Providing timely access to reproductive health therapy

Ryan Humschild, PharmD, MBA, MS: According to the Affordable Care Act, we must be sure that we have a process of exceptions. The exception process must be clear and cannot create undue stress for the provider or patient. We worked hard to make sure we had something that was easily acceptable. If there is an exception process, we will look for the FDA indication. We will look at the patient’s medical information and also make sure that people know how to provide this information, and then we will create a very timely review. There are exception processes. They are appropriate and we did it in a way that is quite trouble-free for the supplier, as long as the correct information is provided. Clarifications have been issued because some groups of payers are not being created [exceptions] as easy as the program envisioned, so this is something we get feedback from some of our first users and lives covered. “Do you have problems completing this exception process?” Is there anything we can do to improve it? ”We are constantly focused on that.

We create different queues when we review because [in the case of] the timeliness of contraception or treatment of uterine fibroids or any kind of health of other women, adherence to the patient is related. If someone goes to a pharmacy or sends a prescription and has a long time to complete it and sometimes you will find that the patient does not follow this prescription or does not adhere to it. We have a separate queue where they will go and be redirected. According to the ACA [Affordable Care Act], they want to make sure that this is a timely examination according to the indication. While we do our due diligence, we have a separate queue that will not reduce any kind of motivation for the patient to take therapy and will reduce frustration on behalf of the provider.
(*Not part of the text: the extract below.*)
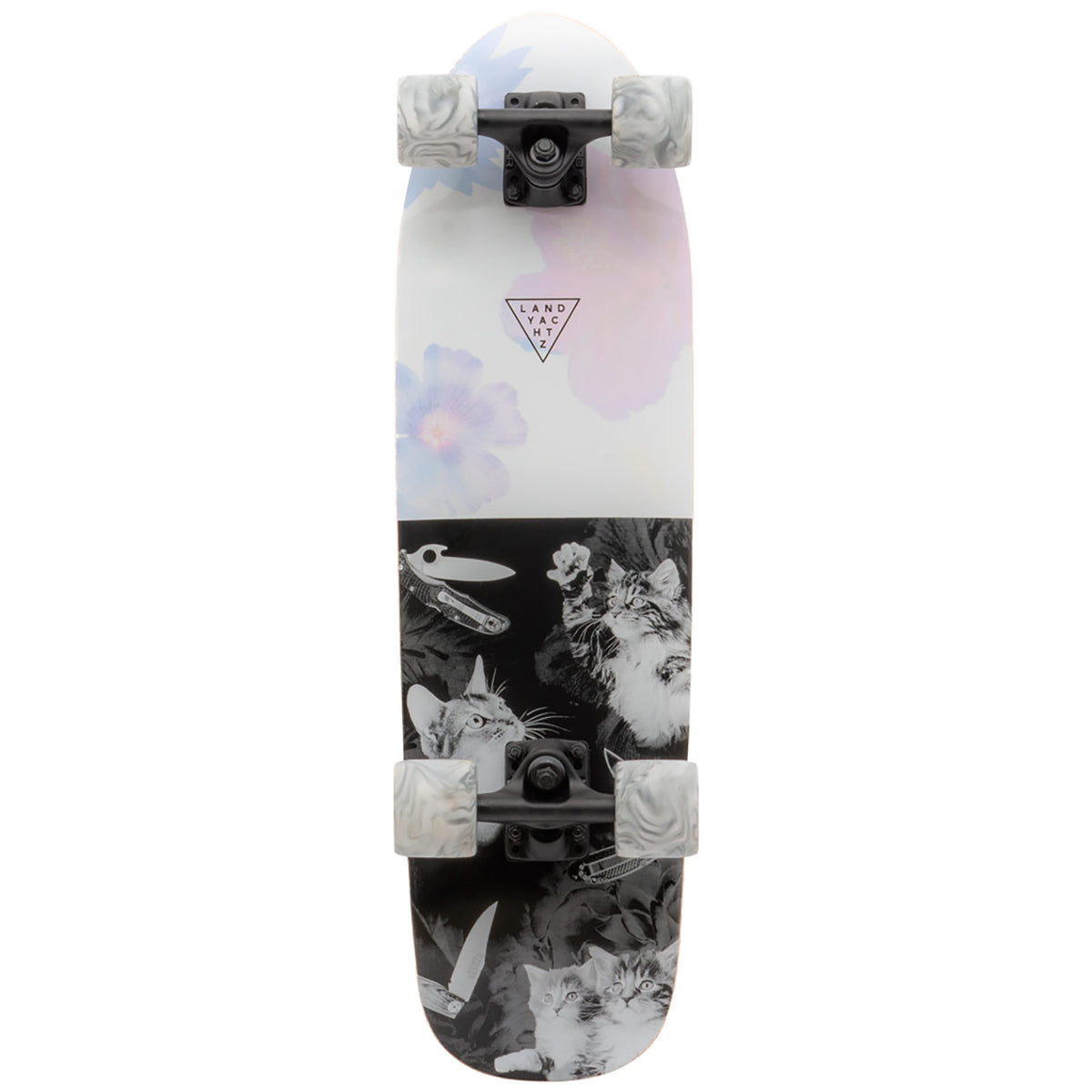 Landyachtz Dinghy Cat Fight Cruiser Skateboard Complete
Endometriosis and uterine fibroids are extremely important because they cause a lot of pain for patients and affect the quality of life. We have created better access to the therapies that are most appropriate for these patients, and we have created an easy process of exceptions so that patients can receive the appropriate therapy approved according to the needs of their prescriber, as well as programs that address their share. of the days covered. We know that adhering to these therapies usually leads to better results – and quite quickly when we work on suppressing some of the hormonal [issues] with uterine fibroids. When we create timely access and better adherence and then monitor these patients, these are the types of comprehensive programs that allow them to be most successful.
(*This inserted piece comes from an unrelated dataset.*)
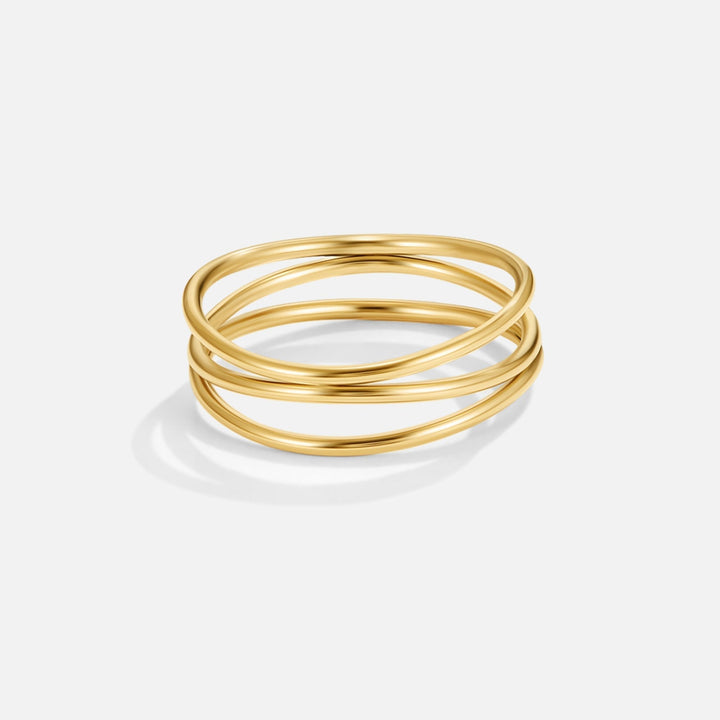 Verfijnde gouden ring met eindeloze lus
There were many new players in women’s health and this is exciting for patients. This is more complicated for payers because you want to make sure you always provide the right therapy to the right patient, but what would trigger a review is, if we see a new mechanism of action, all the new clinical efficacy data we think that they have an improved standard of care or an improved safety profile. What not many people think about, but payers do, is patient adherence. We want to make sure that clinical trial data becomes real evidence. The better the drug from the adherence profile – it can be taken once a day or taken orally to reduce any of the barriers to adherence -[the more] we will focus on [it]. The mechanism of action, the safety, the clinical profile and the way the medicine is taken all play the role of a class review and we do it often to make sure we are up to standard of care.

This transcript has been edited for clarity.